What to do :: Write out each line of the material exactly as given, and drop the images.

Input data ::
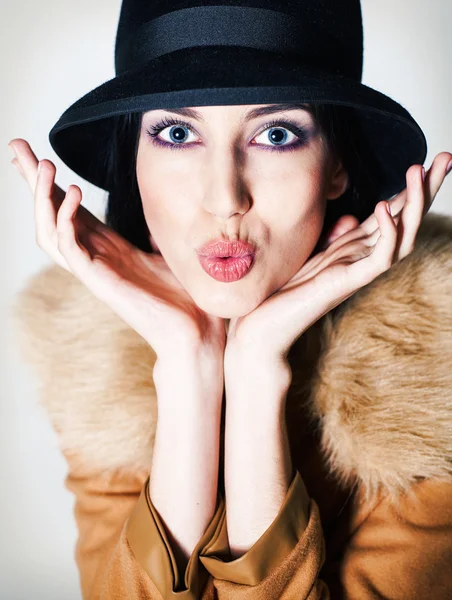 Magnifique portrait de femme en studio — Photo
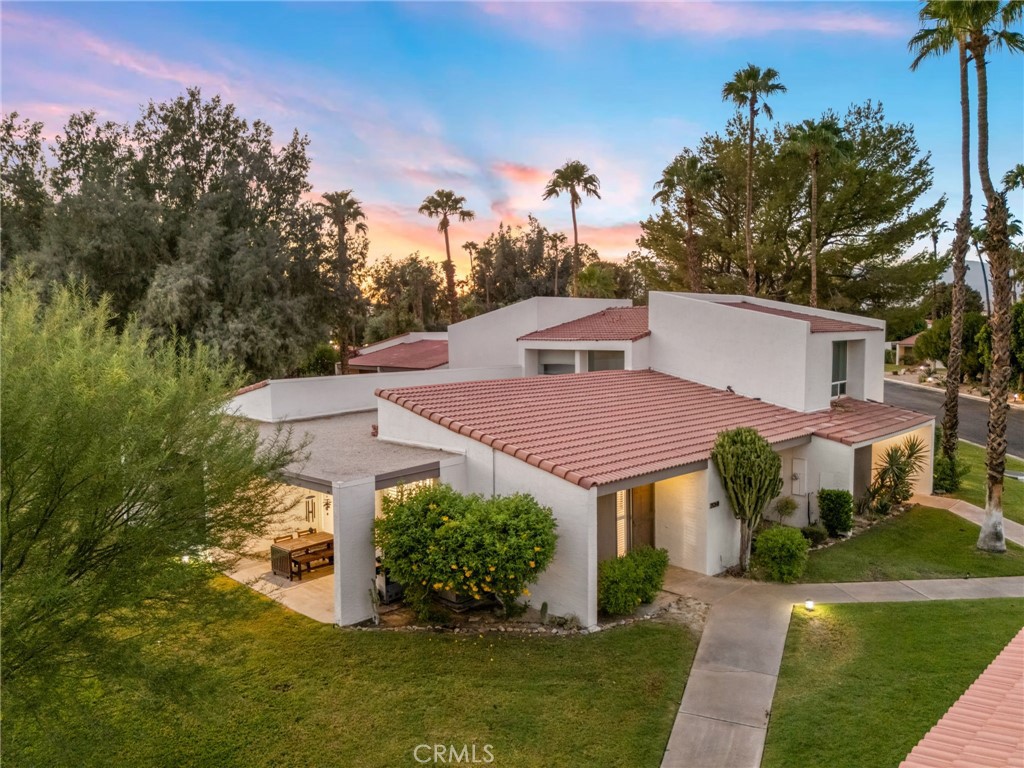 2521 N Whitewater Club Dr, Residence D Property Photo 4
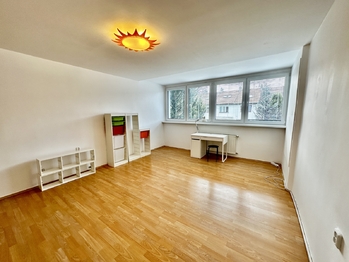 Pronájem domu 150 m², Praha 10 - Strašnice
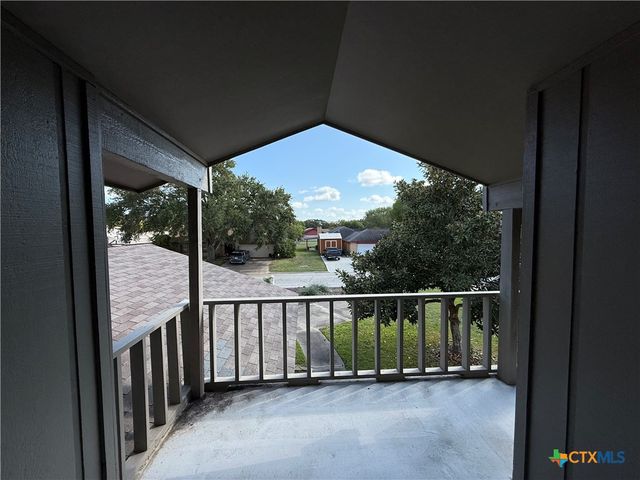 141 Seascape Drive, Port Lavaca, TX 77979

Expected output ::
 Magnifique portrait de femme en studio — Photo
 2521 N Whitewater Club Dr, Residence D Property Photo 4
 Pronájem domu 150 m², Praha 10 - Strašnice
 141 Seascape Drive, Port Lavaca, TX 77979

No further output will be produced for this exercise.